Attribute error while using scikit-learn

Animesh Pandey picture Animesh Pandey · Mar 5, 2013 · Viewed 8.7k times · Source

I am trying to find similar questions using scikit using cosine similarity. I was trying this sample code available on the internet. Link1 and Link2

from sklearn.feature_extraction.text import CountVectorizer
from sklearn.feature_extraction.text import TfidfTransformer
from nltk.corpus import stopwords
import numpy as np
import numpy.linalg as LA

train_set = ["The sky is blue.", "The sun is bright."]
test_set = ["The sun in the sky is bright."]
stopWords = stopwords.words('english')

vectorizer = CountVectorizer(stop_words = stopWords)
transformer = TfidfTransformer()

trainVectorizerArray = vectorizer.fit_transform(train_set).toarray()
trainVectorizerArray = vectorizer.
testVectorizerArray = vectorizer.transform(test_set).toarray()
print 'Fit Vectorizer to train set', trainVectorizerArray
print 'Transform Vectorizer to test set', testVectorizerArray
cx = lambda a, b : round(np.inner(a, b)/(LA.norm(a)*LA.norm(b)), 3)
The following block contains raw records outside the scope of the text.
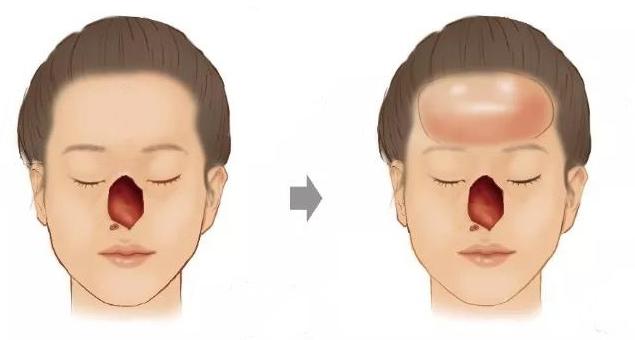 余文林鼻修复选择哪种材料更靠谱,余文林耳朵修复过程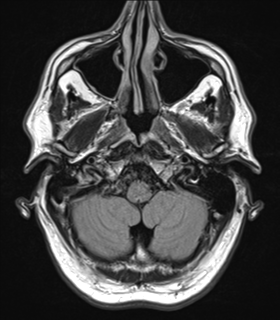 File:Alzheimer's disease- with Gerstmann syndrome and dressing apraxia (Radiopaedia 54882-61150 Axial FLAIR 3).png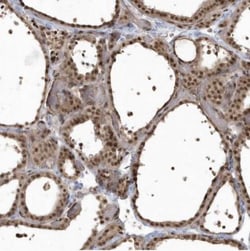 EPB41L4A Antibody, Novus Biologicals 25 &mu;L; Unlabeled:Antibodies, Polyclonal
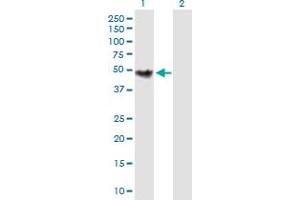 Western Blot analysis of CHKB expression in transfected 293T cell line by CHKB MaxPab polyclonal antibody. (CHKB 抗体  (AA 1-395))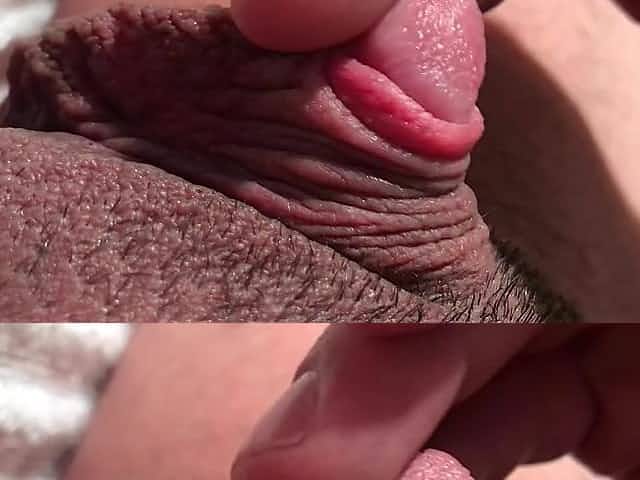 Foreskin Tease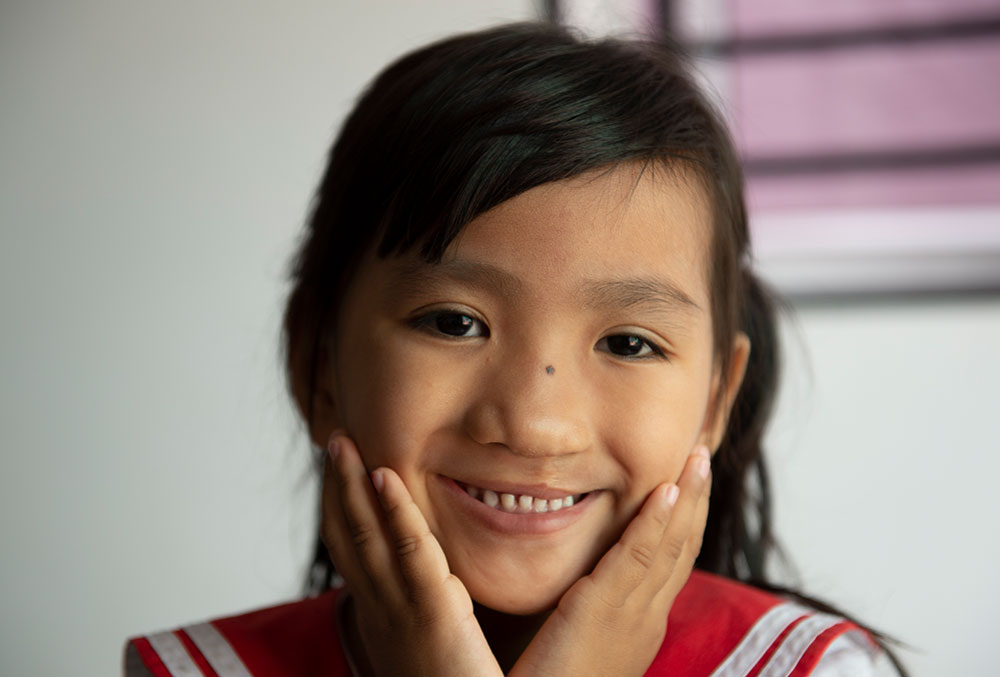 Meng smiling with her hands on her cheeks after her clef lip and palate surgery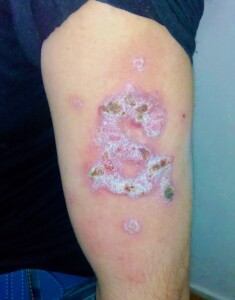 Il segno delle torture subite dai migranti per mano dei trafficanti in Macedonia. La vittima viene marchiata a fuoco con la lettera "S", iniziale del nome "Sultan" a capo della banda. (Foto di Livio Senigalliesi)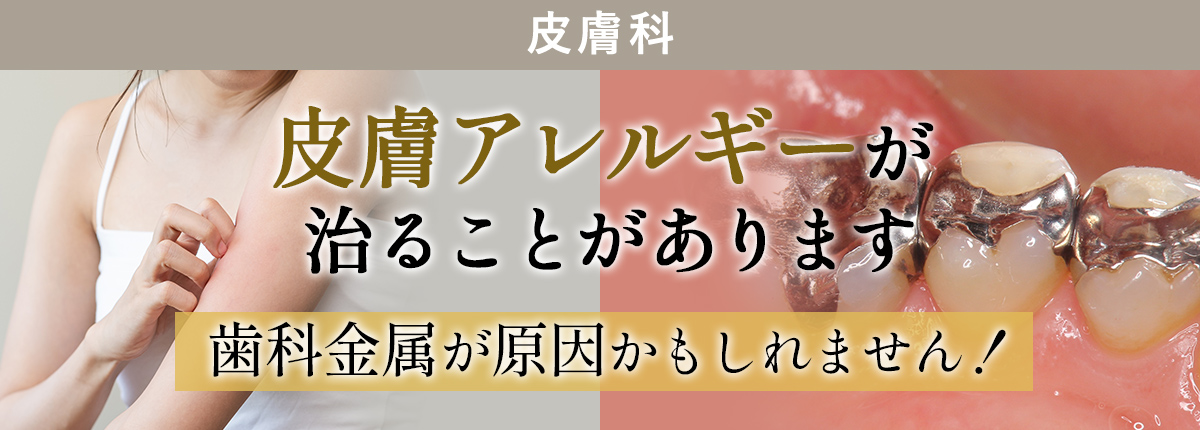 皮膚アレルギー治療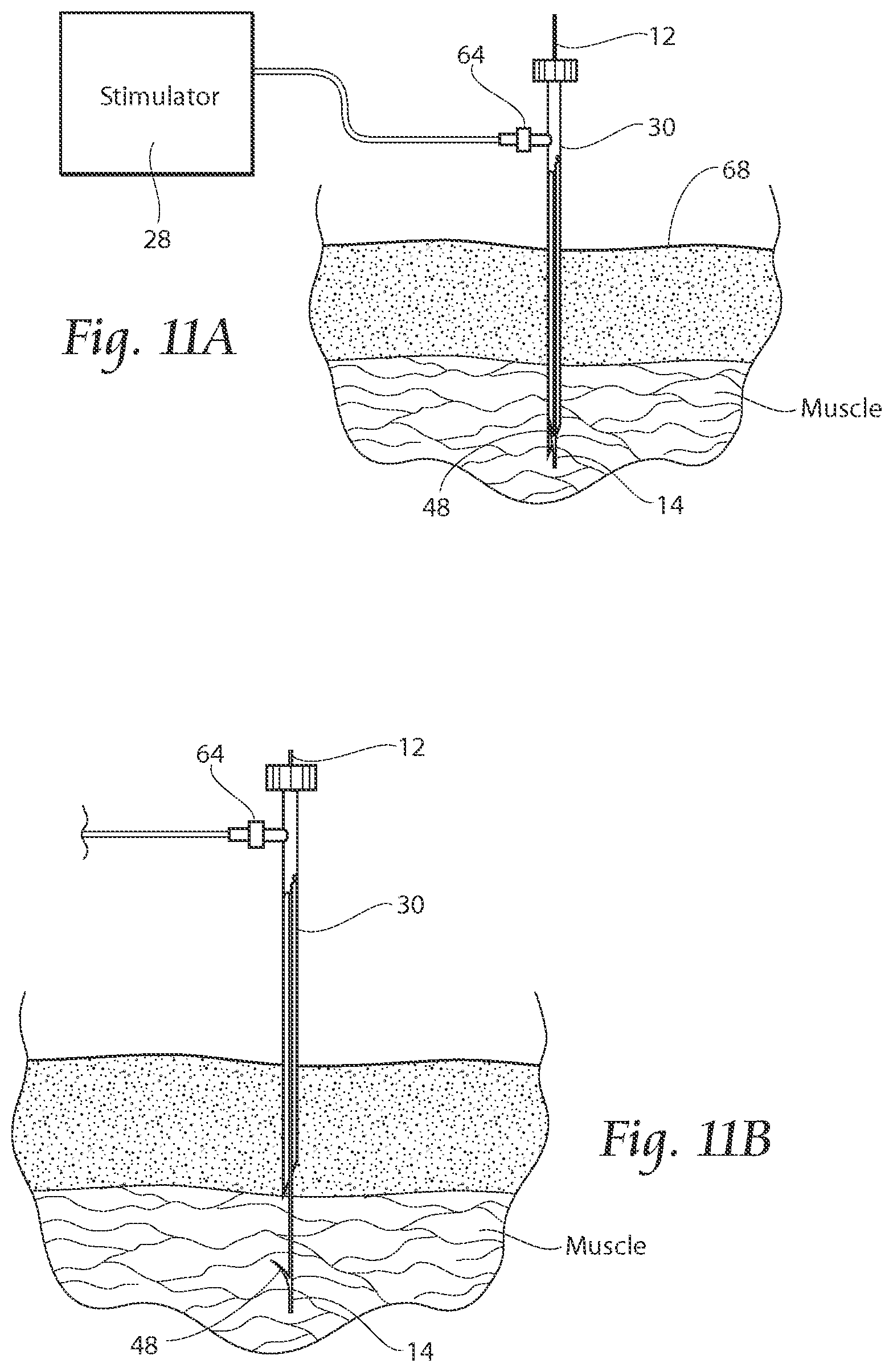 Patent US11771891 Figure 10 – Systems and methods to place one or more leads in tissue to electrically stimulate nerves of passage to treat pain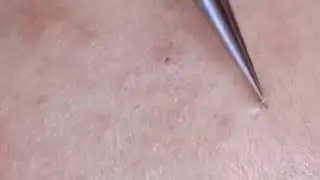 Best Satifying videos for Relaxation with Rat Tana Acne Spa =Short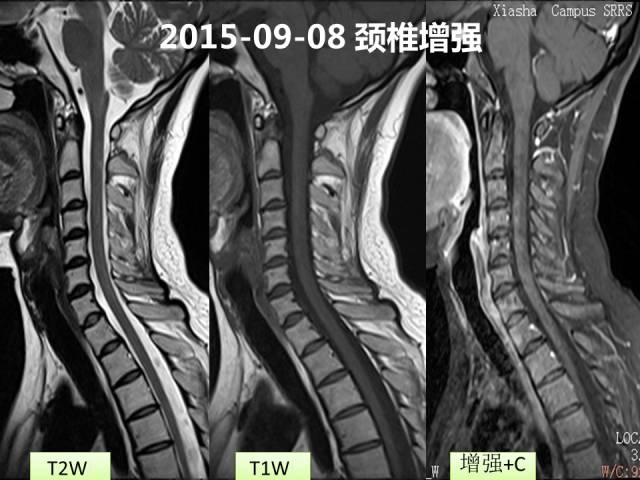 【病例】视神经脊髓炎1例MR影像表现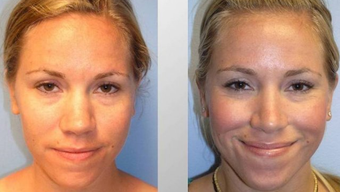 Rhinoplasty before 163629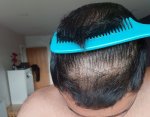 Dr Lupanzula hair transplant 5.jpg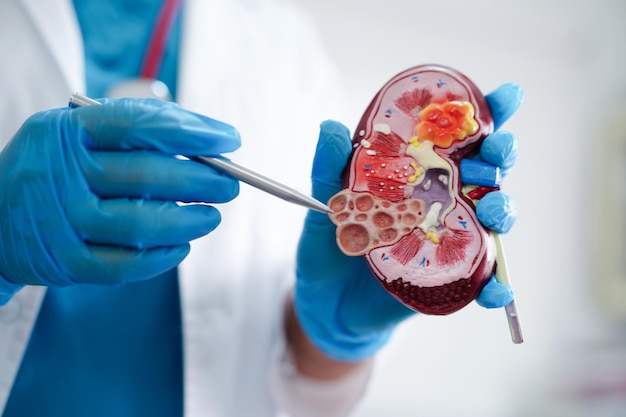 Modello di supporto medico per malattie renali croniche per il trattamento dell'urologia del sistema urinario Tasso di filtrazione glomerulare stimato eGFR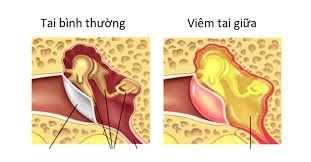 
Viêm tai giữa có thể khiến người bệnh nghe kém
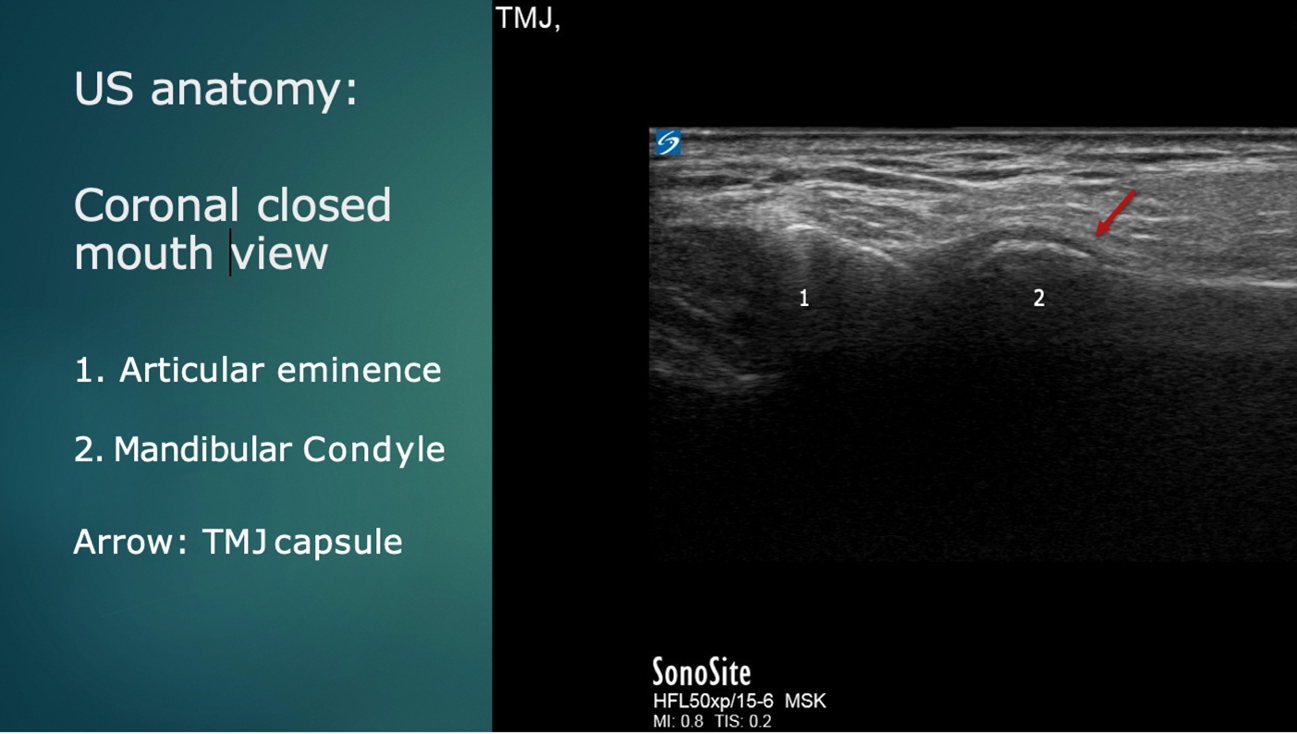Ultrasound anatomy: Coronal plane  ﻿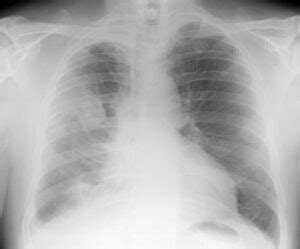 What is Epithelioid Mesothelioma? Signs, Treatment, Prognosis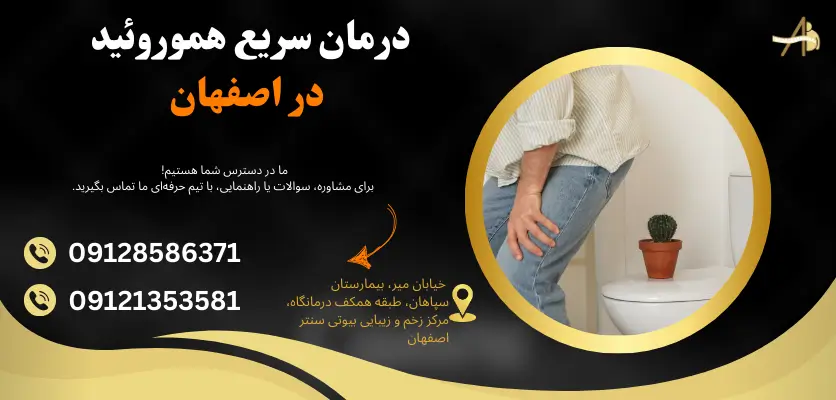 درمان سریع هموروئید در اصفهان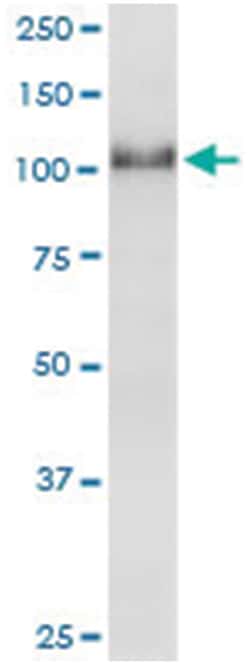 anti-RFX6, Human, IP-WB Antibody Pair, Abnova&trade;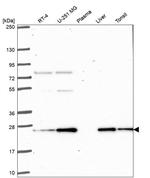 PRDX3 Antibody in Western Blot (WB)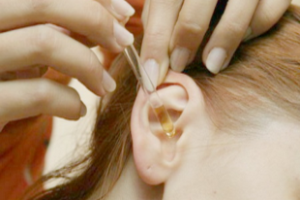 otitsrednegouxasimptomiilechenieuvzrosli 4C6EAAA1 - Отит среднего уха — эта проблема может повлечь серьёзные осложнения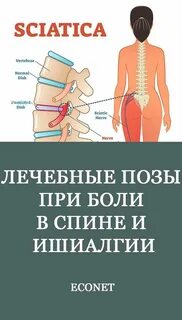 Ишиалгия что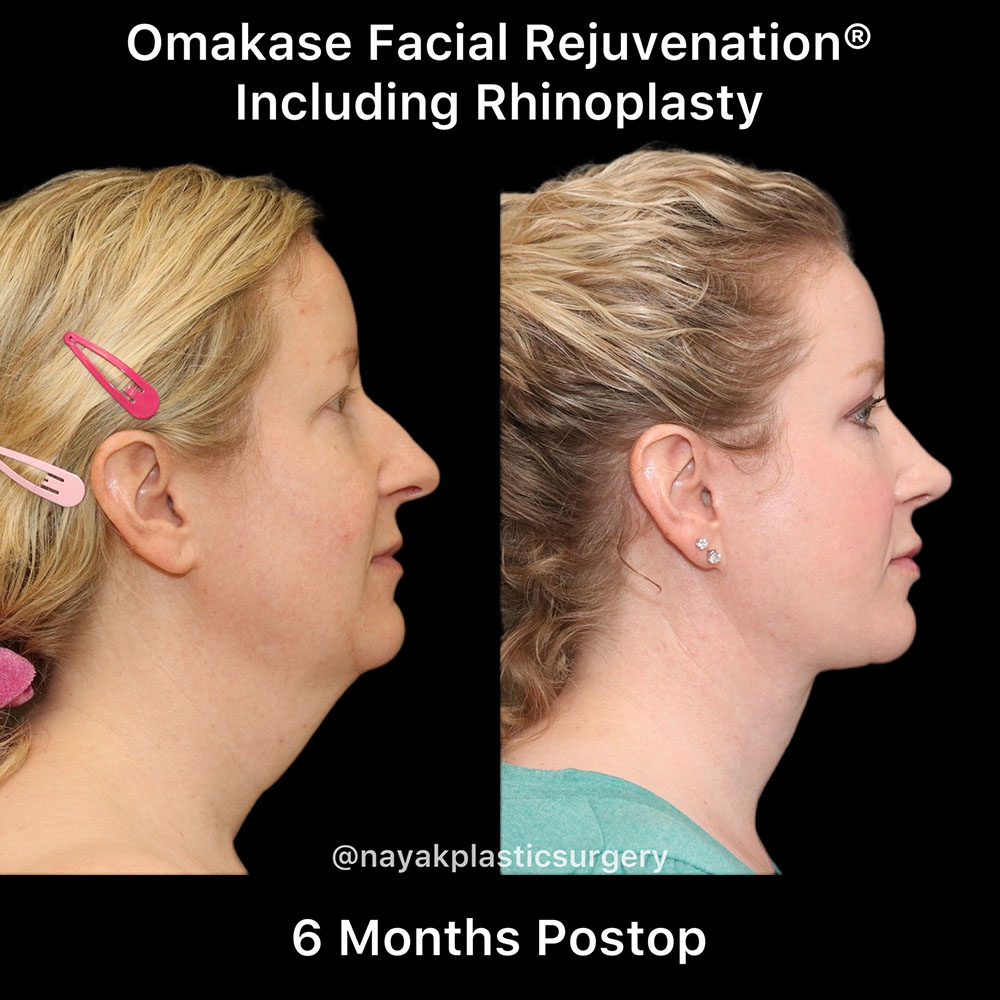 Facelift and Neck Before & After Image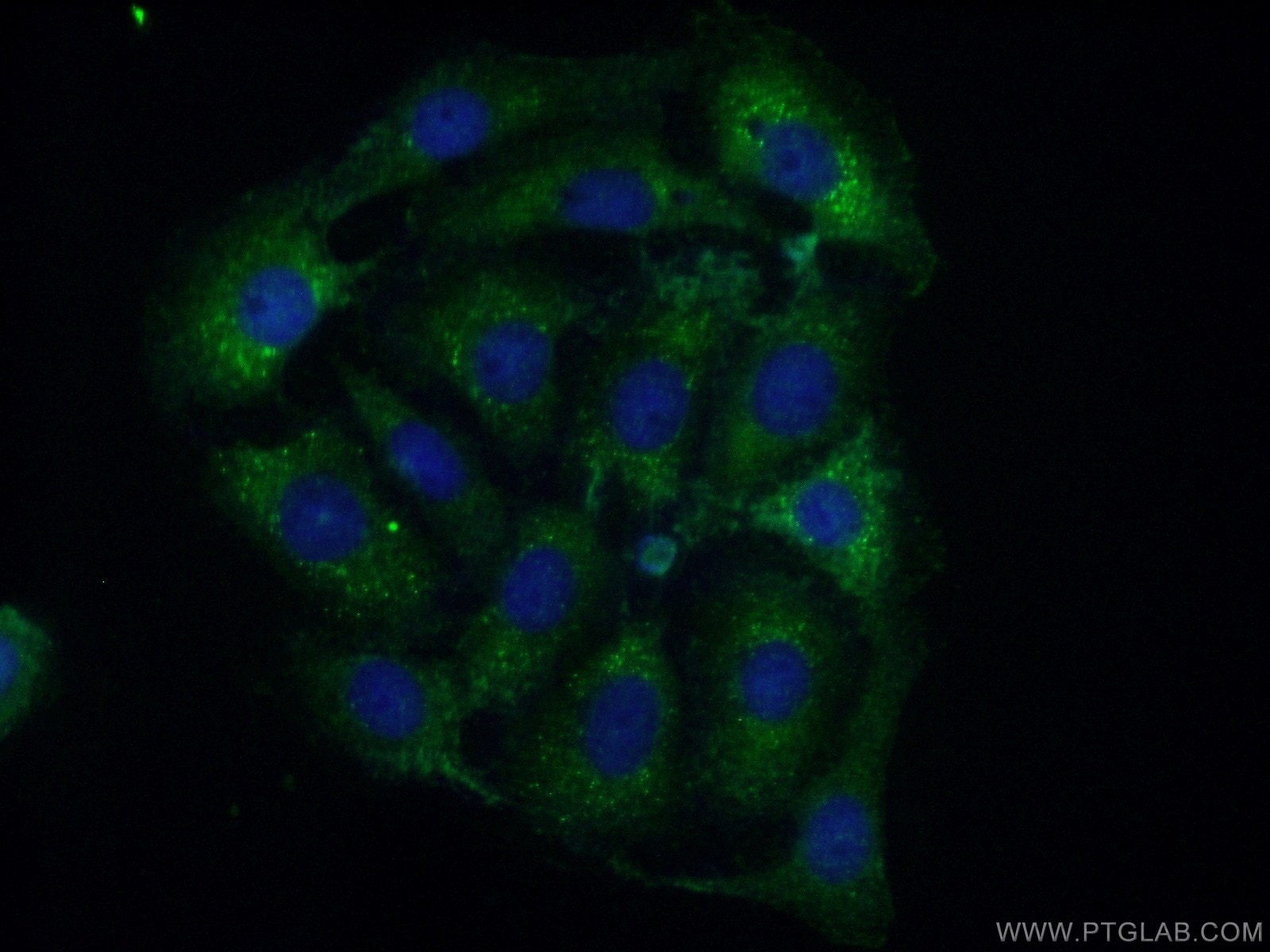 IF Staining of SH-SY5Y using 25342-1-AP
for vector in trainVectorizerArray:
    print vector
    for testV in testVectorizerArray:
        print testV
        cosine = cx(vector, testV)
        print cosine

transformer.fit(trainVectorizerArray)
print transformer.transform(trainVectorizerArray).toarray()

transformer.fit(testVectorizerArray)
tfidf = transformer.transform(testVectorizerArray)
print tfidf.todense()

I always get this error

Traceback (most recent call last):
File "C:\Users\Animesh\Desktop\NLP\ngrams2.py", line 14, in <module>
trainVectorizerArray = vectorizer.fit_transform(train_set).toarray()
File "C:\Python27\lib\site-packages\scikit_learn-0.13.1-py2.7-win32.egg\sklearn  \feature_extraction\text.py", line 740, in fit_transform
raise ValueError("empty vocabulary; training set may have"
ValueError: empty vocabulary; training set may have contained only stop words or min_df  (resp. max_df) may be too high (resp. too low).

I even checked the code available on this link. There I got error AttributeError: 'CountVectorizer' object has no attribute 'vocabulary'.

How to solve this issue ?

I am using Python 2.7.3 on Windows 7 32 Bit and scikit_learn 0.13.1.

Answer

Fred Foo picture Fred Foo · Mar 5, 2013

Since I'm running the development (pre-0.14) version, where the feature_extraction.text module got overhauled, I don't get the same error message. But I suspect you can solve this issue with:

vectorizer = CountVectorizer(stop_words=stopWords, min_df=1)

The min_df parameter causes CountVectorizer to throw away any term that occurs in too few documents (because it won't have any predictive value). By default, it's set to 2, which means all your terms get thrown away, so you get an empty vocabulary.